The SSD Workload Performance Analysis

The performance qualities of flash-based solid state drives--so-called flash SSDs--have been disputed all over the Web. While the peak performance numbers of the latest products are typically more than impressive (featuring throughput levels of almost 250 MB/s and up to several thousand I/O operations per second), real-life performance may be very different. In fact, over time, performance can even come down to levels at which conventional hard drives are faster due to their steady performance.

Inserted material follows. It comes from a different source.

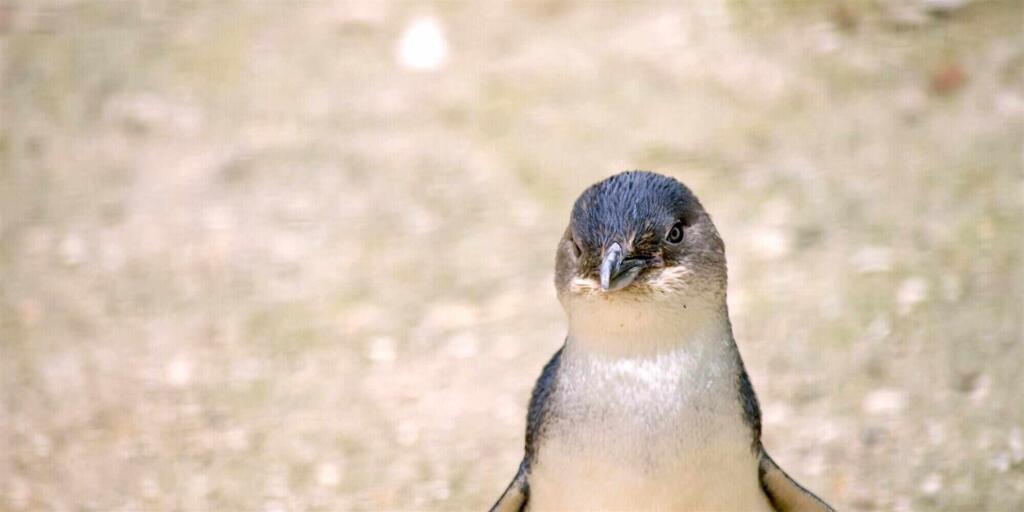 Phillip Island Penguin Parade Tour from Melbourne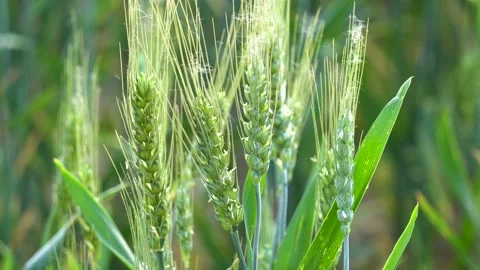 Green wheat in farm fields Stock Footage 154099252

Today's SSDs simultaneously benefit and suffer from flash technology. But if you leave all the poor performers aside, the latest generation offerings from Intel and Samsung definitely show more potential than shortcomings.

What is Performance?

Compared to flash SSDs, the performance evaluation of hard drives has been rather simple: you want to know the throughput performance in megabytes per second, and access time in milliseconds, for both desktop and notebook drives. Sometimes you need to add I/O performance analysis for servers and workstation products before making a decision. Although power efficiency is becoming more and more important, those are the performance metrics that matter most.

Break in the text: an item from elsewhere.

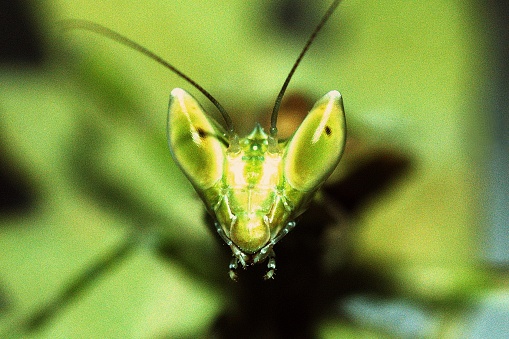 Close up praying mantis face looking at camera.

Application benchmarks help to assess performance in real life environments by simulating representative operational sequences. The hard drive format (3.5”/2.5”), recording technology, data density, and spindle speed have been the key parameters that historically had most influence on performance. Apart from them, the remaining factors, such as the interface bandwidth or cache size, are secondary.

Flash SSDs are Different

Essentially, hard drives are best at reading or writing data sequentially—the more they have to reposition their heads to tackle random operations, the more they slow down in terms of both throughput and I/O operations per second.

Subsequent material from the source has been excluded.